**** The records

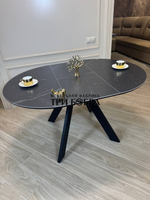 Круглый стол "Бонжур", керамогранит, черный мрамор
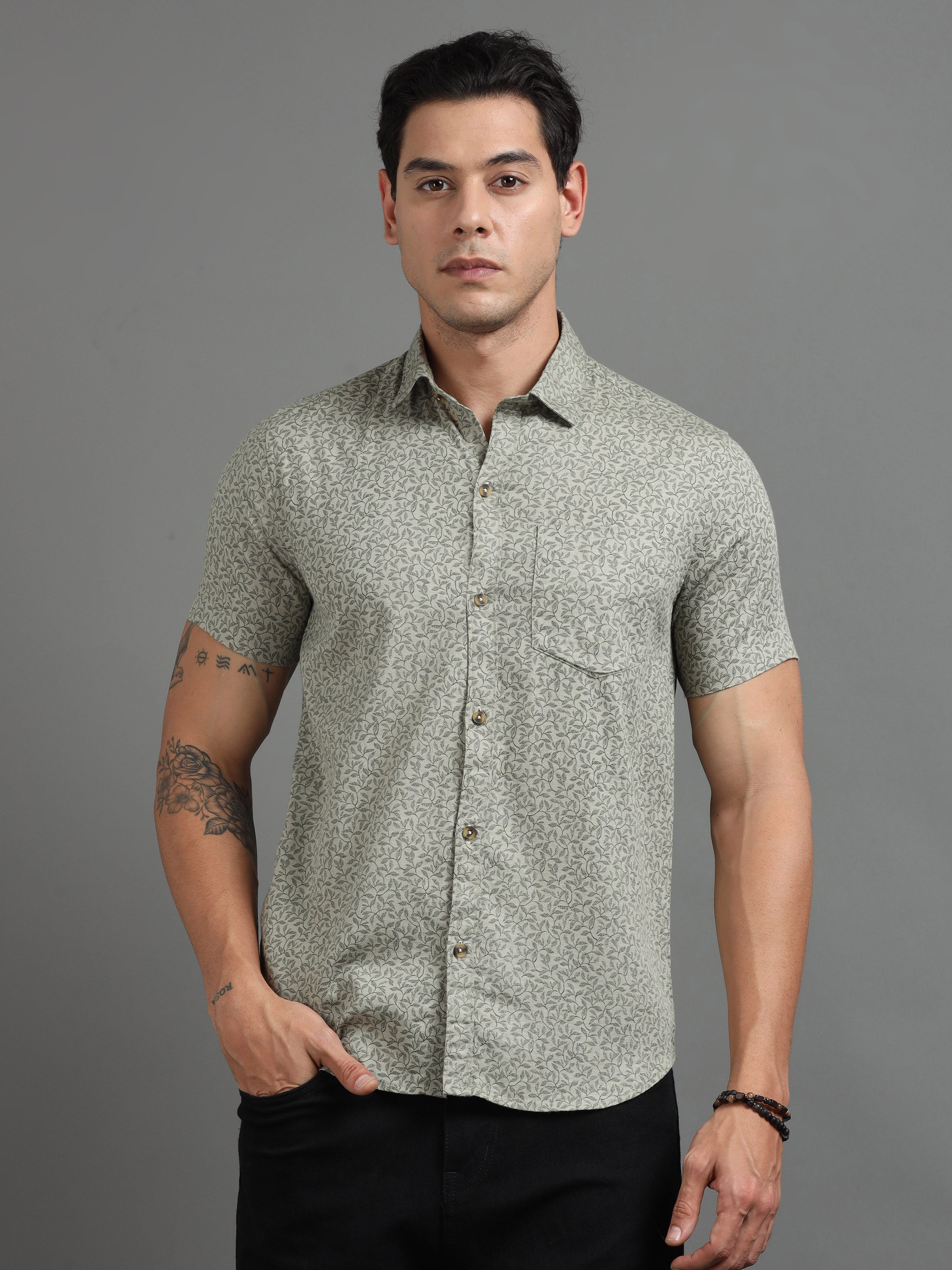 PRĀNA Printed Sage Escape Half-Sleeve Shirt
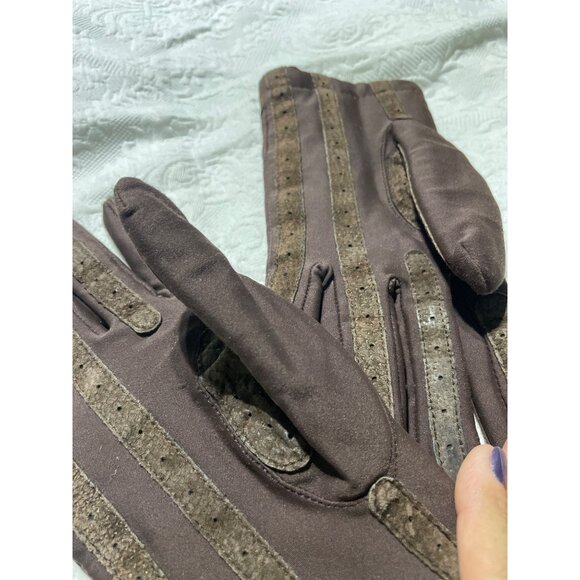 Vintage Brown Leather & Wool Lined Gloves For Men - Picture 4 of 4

********
**** The records

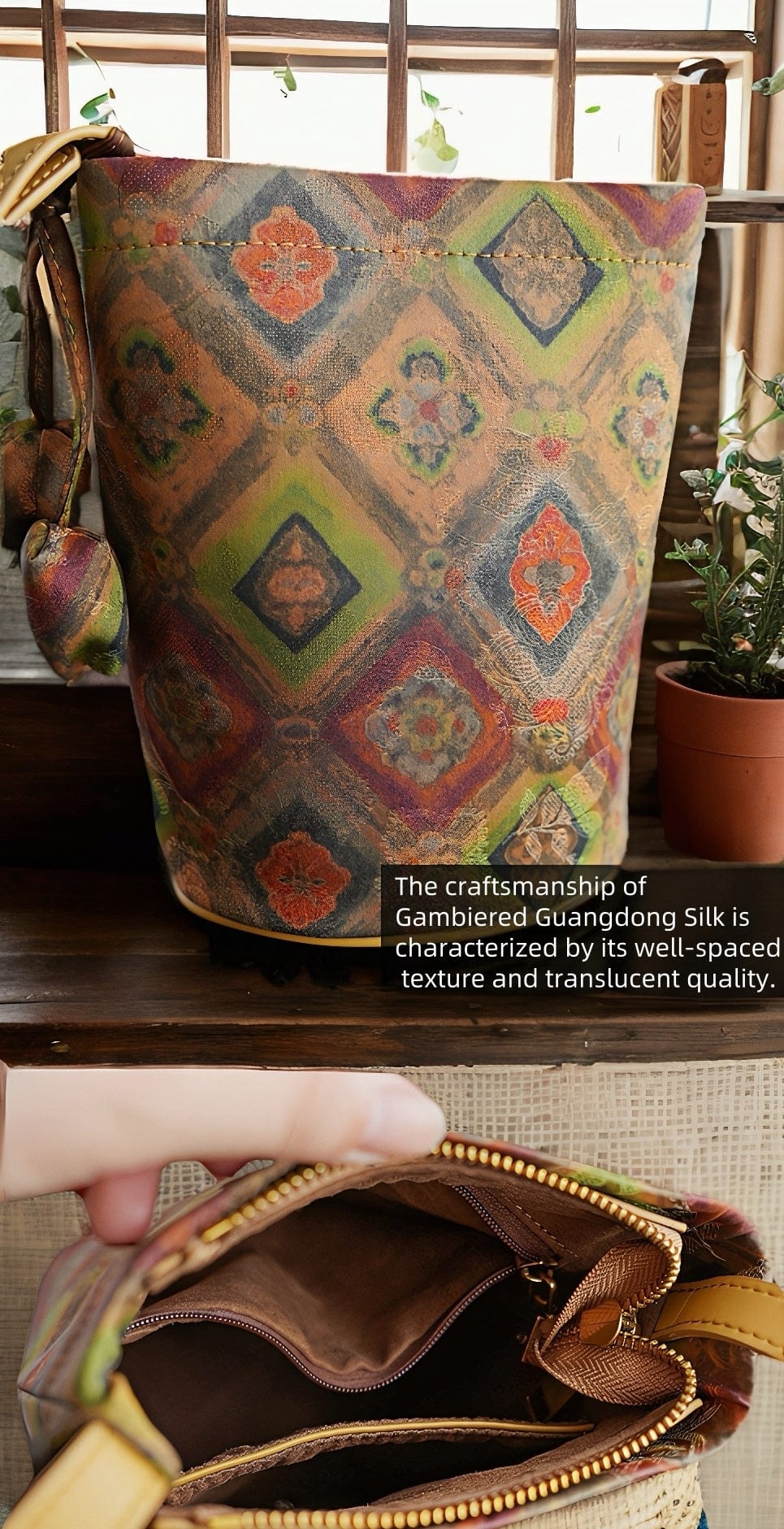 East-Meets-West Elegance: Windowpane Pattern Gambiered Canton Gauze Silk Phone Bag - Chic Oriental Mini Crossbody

********

## Assignment
Output only the lines above from the line that holds "керамогранит, черный мрамор" through the line that holds "Vintage Brown Leather", both ends included, and exclude pictures.

## Output of the task
 Круглый стол "Бонжур", керамогранит, черный мрамор
 PRĀNA Printed Sage Escape Half-Sleeve Shirt
 Vintage Brown Leather & Wool Lined Gloves For Men - Picture 4 of 4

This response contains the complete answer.